■ Directions for this task ■
Copy out the whole listing exactly as written, leaving the pictures behind.

■ Raw data ■
"""

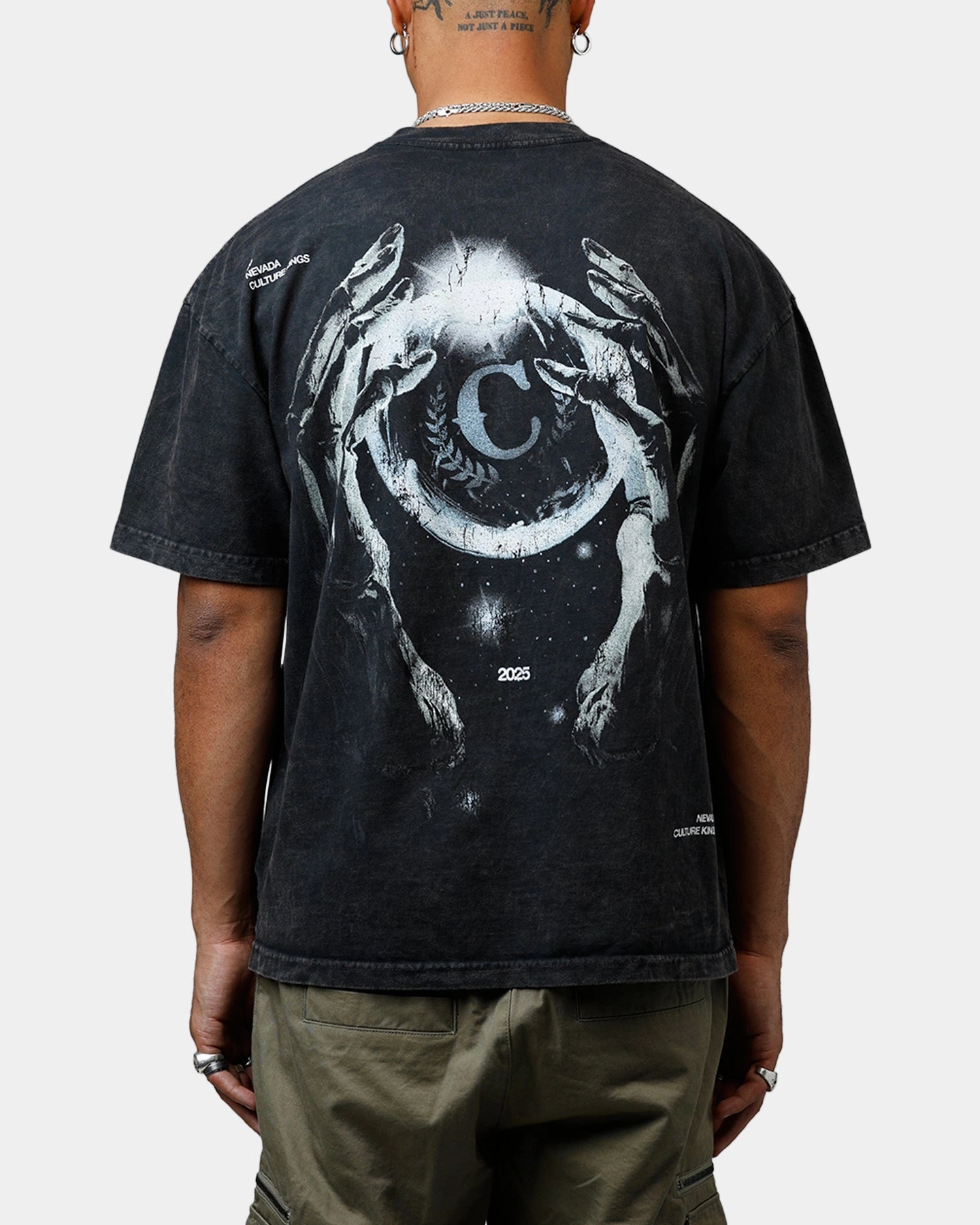 Basic Piece Chic And Comfortable Culture Kings CK Orb Vintage T-Shirt Black Acidwash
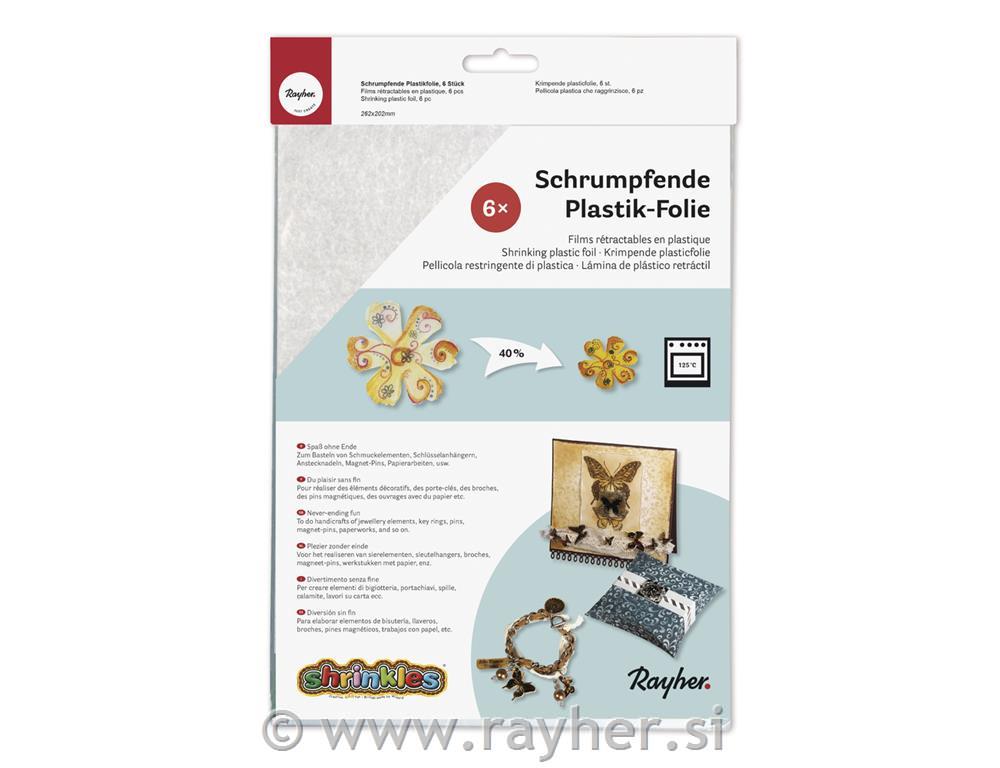 Shrinking plastic foil, white, 262x202mm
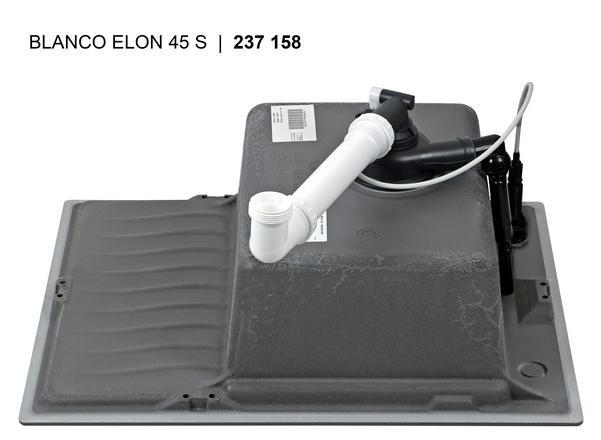 Blanco Elon 45 S Lavello Sopratop 1 Vasca 65 x 50 cm con Gocciolatoio Reversibile in Silgranit® Nero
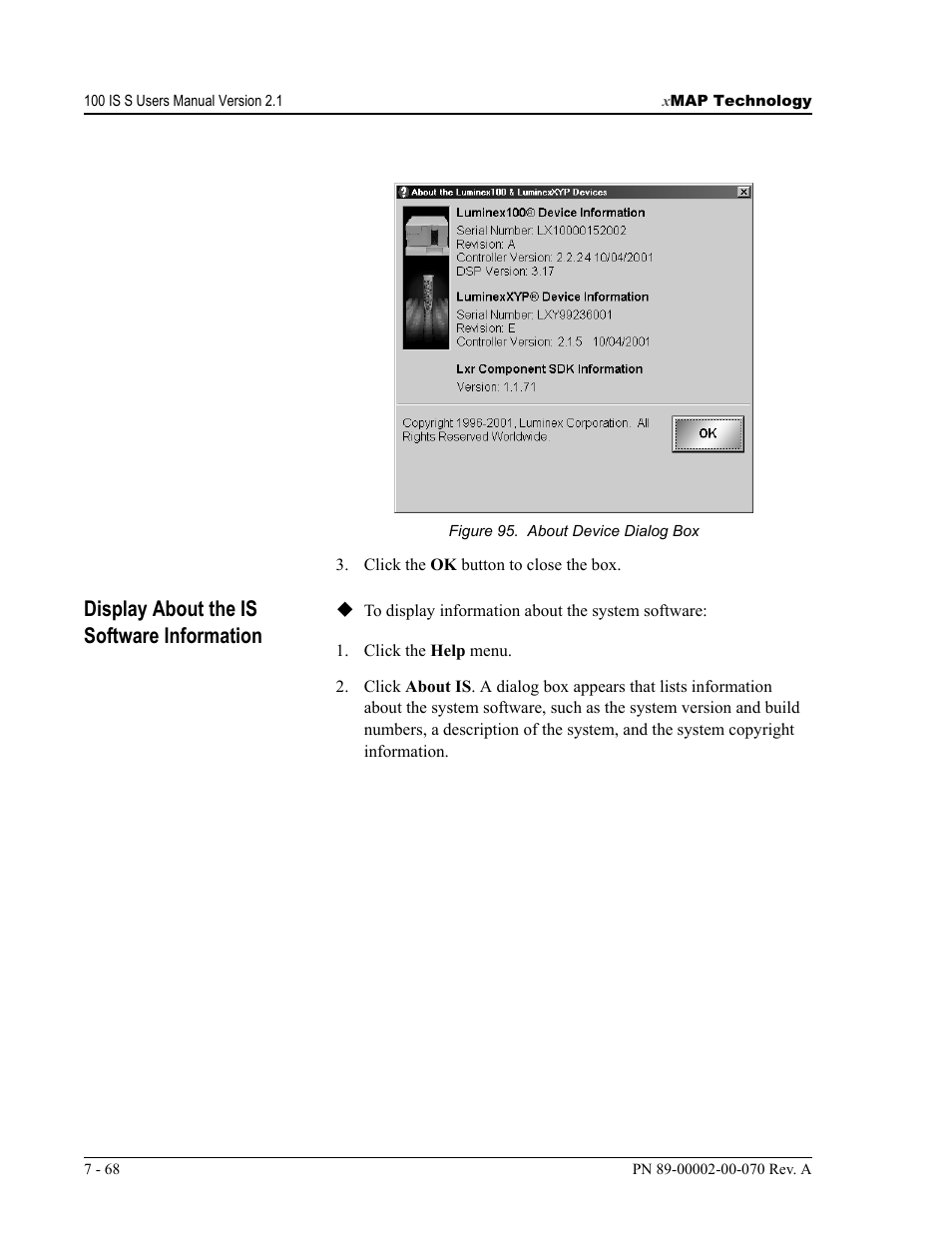 Display about the is software information | Luminex 100 IS User Manual, Version 2.1 User Manual | Page 132 / 188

"""

■ The answer ■
 Basic Piece Chic And Comfortable Culture Kings CK Orb Vintage T-Shirt Black Acidwash
 Shrinking plastic foil, white, 262x202mm
 Blanco Elon 45 S Lavello Sopratop 1 Vasca 65 x 50 cm con Gocciolatoio Reversibile in Silgranit® Nero
 Display about the is software information | Luminex 100 IS User Manual, Version 2.1 User Manual | Page 132 / 188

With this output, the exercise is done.